I apologize for being late posting these again.  All last week and most of this week, I was under the weather, so I didn’t write as much as I wanted.  I’m going to crank out this next episode recap/review as quickly as I can, as well as the season finale.   That’s right, we’ll soon face the season known as “Droughtlander.”  If that means a break from Brianna though, I’m all for it.

—Written by Nadiya

So what did y’all think about “If Not For Hope”?  Do you think Brianna is still being a brat?  Did you ever feel like she was being bratty?  Did you think she was okay with having the slaves wait on her at Jocasta’s house?  Do you feel bad for Roger’s plight?  Do you think he’ll still accept the baby if it isn’t is?  What do you think about Jamie and Claire no longer being the central characters this season?  Do you miss seeing them, or are you okay with Brianna and Roger taking the spotlight?  Let me know in the comments section!

“The Heart’s Deep Core” – Recap and Rant

That’s right…this is one of those posts.  Buckle up.
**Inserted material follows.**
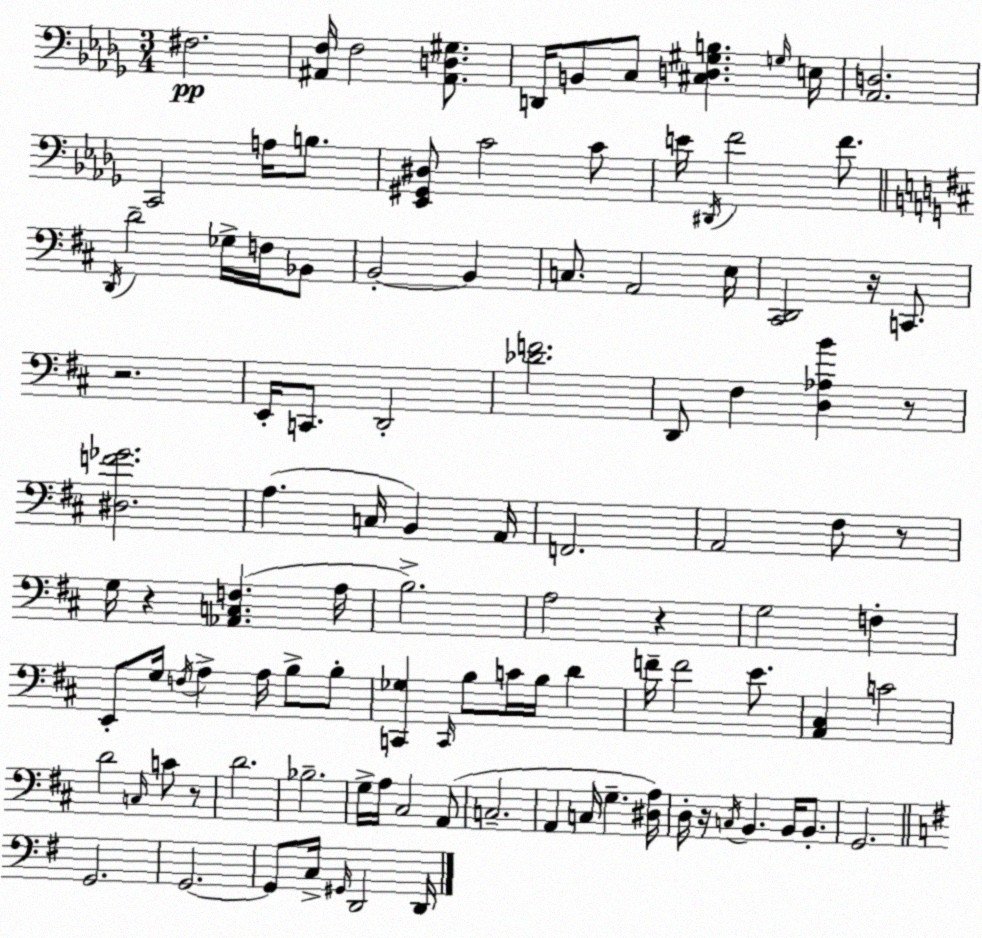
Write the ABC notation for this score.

Picking up where we left off last week, Jamie finds Brianna in the yard, and she notices his hand is bandaged.  When she asks what happened, Jamie shrugs it off and confesses that Claire told him what happened to her.  Jamie offers an invitation for Brianna to join him for a walk, and while they’re together, Jamie tells Brianna that she’ll have to get married soon.  Brianna says that she only loves Roger, although she doubts he’ll want her after all is said and done.  Jamie sweetly tells her that if Roger is worth his salt, he will still want her, and if not, he doesn’t deserve her in the first place.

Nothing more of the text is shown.